CATSKILL - The 2009-10 school year got underway last week in Catskill, but the year was officially kicked-off Sunday with the Catskill Central School District’s annual “Parents, Partners and Pancakes” event. This year, the breakfast and outdoor petting zoo ended with a ribbon cutting in the High School library and media center to officially mark completion of ongoing construction and renovation work at the Catskill middle and high schools.

The more than $33 million project was approved through two $16.7 million referendum votes, one in 2005 and a second in 2009 and includes work on the media center, special education classrooms and a new entranceway. New guidance offices and a cafeteria in the Middle School as well as technological upgrades in the schools were also included in the project.

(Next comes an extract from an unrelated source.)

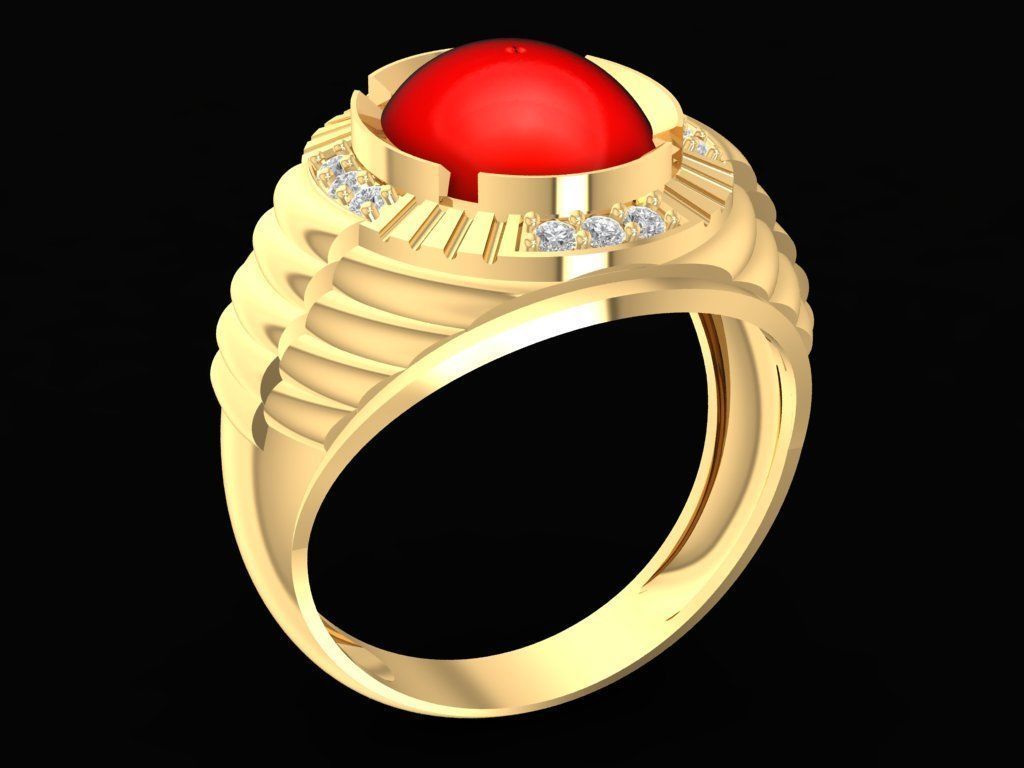 OVAL RUBY RING FOR MEN 2155 3D print model_2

The last phase of the project, which includes work on a fitness center and playing fields as well as installation of new lockers in the High School, will begin later this year, District Superintendent Dr. Kathleen Farrell said.

Farrell noted that the “labor of love” cost roughly as much as the district’s annual operating budget.

She announced that the 2005 referendum brought only a 27-cent per $1,000 tax impact on district residents. The second brought no impact, she said.

“That is a huge, huge accomplishment and compliment for the community,” she said.

Farrell thanked the volunteers who flipped pancakes earlier in the day. She also thanked her schools’ students for living with construction without complaint and past Board of Education members who had worked to realize the project.

Sen. James L. Seward, R,C,I-Oneonta, recognized former Board President James Garafalo who, Seward said, led the charge to pass each referendum.

“This is a wonderful legacy to your leadership,” Seward told Garafalo while awarding him a special citation from the State Legislature.

Garafalo, who served on the board for 21 years and was the board president in both 2005 and part of 2009, was not reelected to the board this spring.

Seward commended the district for embarking on the project to upgrade the facility to match the quality of the school system.

He said taxpayers stepped up to the plate in each referendum and decided to invest in the district’s future.

Seward said the project fit with the state’s Expanding our Children’s Education (EXCEL) aid program designed to minimize the effect of capital projects on local taxpayers.

At the end of the ceremony, Seward and Garafalo held a pair of oversized scissors to a red ribbon stretched across two bookshelves in the library while the ribbon was cut by Catskill High School seniors Joseph DiStefano and Nicole Lacy who stood arm-in-arm.